* **Problem to solve**
The answer must be an exact copy of the lines from the one with "The case also" through the final line below, with no pictures and nothing else.

* **Data excerpt**
★ ★ ★ ★

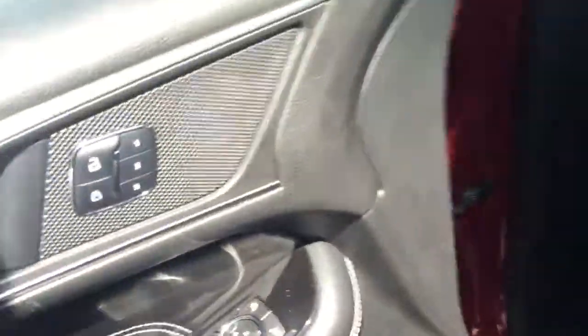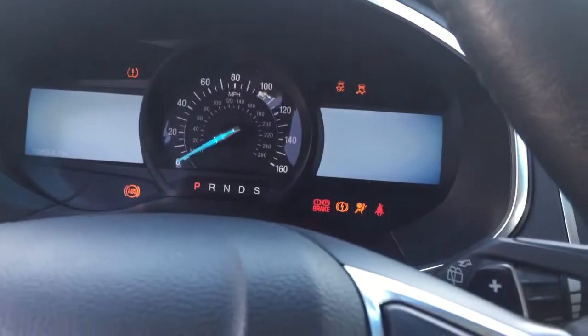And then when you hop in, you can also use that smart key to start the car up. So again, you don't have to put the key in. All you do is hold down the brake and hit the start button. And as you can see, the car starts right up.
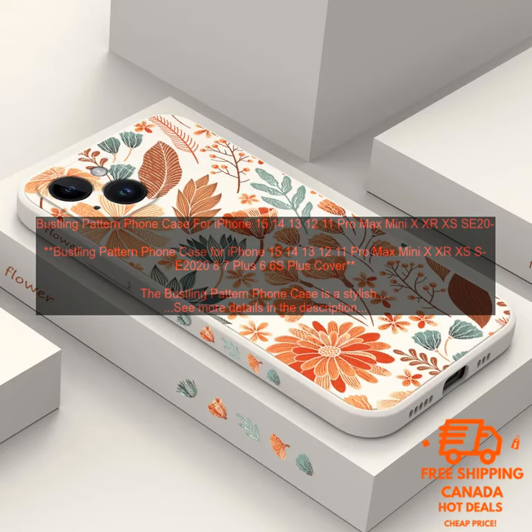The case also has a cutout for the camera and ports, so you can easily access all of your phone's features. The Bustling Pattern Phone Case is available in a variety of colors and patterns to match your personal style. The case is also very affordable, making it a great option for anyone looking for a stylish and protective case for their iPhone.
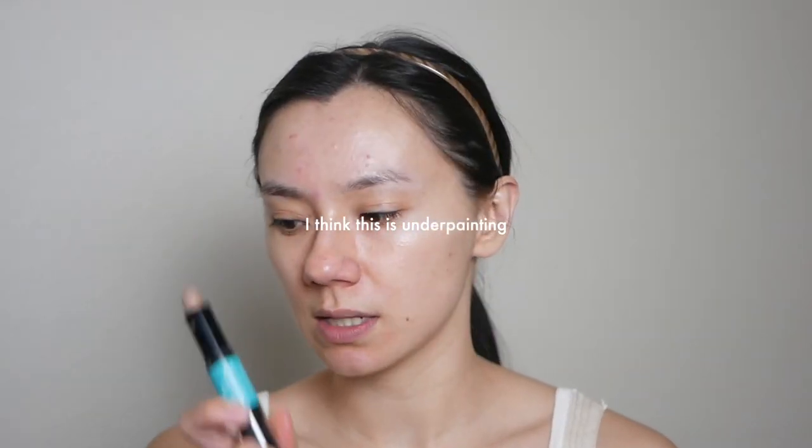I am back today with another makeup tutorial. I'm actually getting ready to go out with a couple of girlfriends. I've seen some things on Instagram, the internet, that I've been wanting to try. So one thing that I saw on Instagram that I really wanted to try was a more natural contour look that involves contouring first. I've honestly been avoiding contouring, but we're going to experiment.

★ ★ ★ ★

* **Written solution**
The case also has a cutout for the camera and ports, so you can easily access all of your phone's features. The Bustling Pattern Phone Case is available in a variety of colors and patterns to match your personal style. The case is also very affordable, making it a great option for anyone looking for a stylish and protective case for their iPhone.
I am back today with another makeup tutorial. I'm actually getting ready to go out with a couple of girlfriends. I've seen some things on Instagram, the internet, that I've been wanting to try. So one thing that I saw on Instagram that I really wanted to try was a more natural contour look that involves contouring first. I've honestly been avoiding contouring, but we're going to experiment.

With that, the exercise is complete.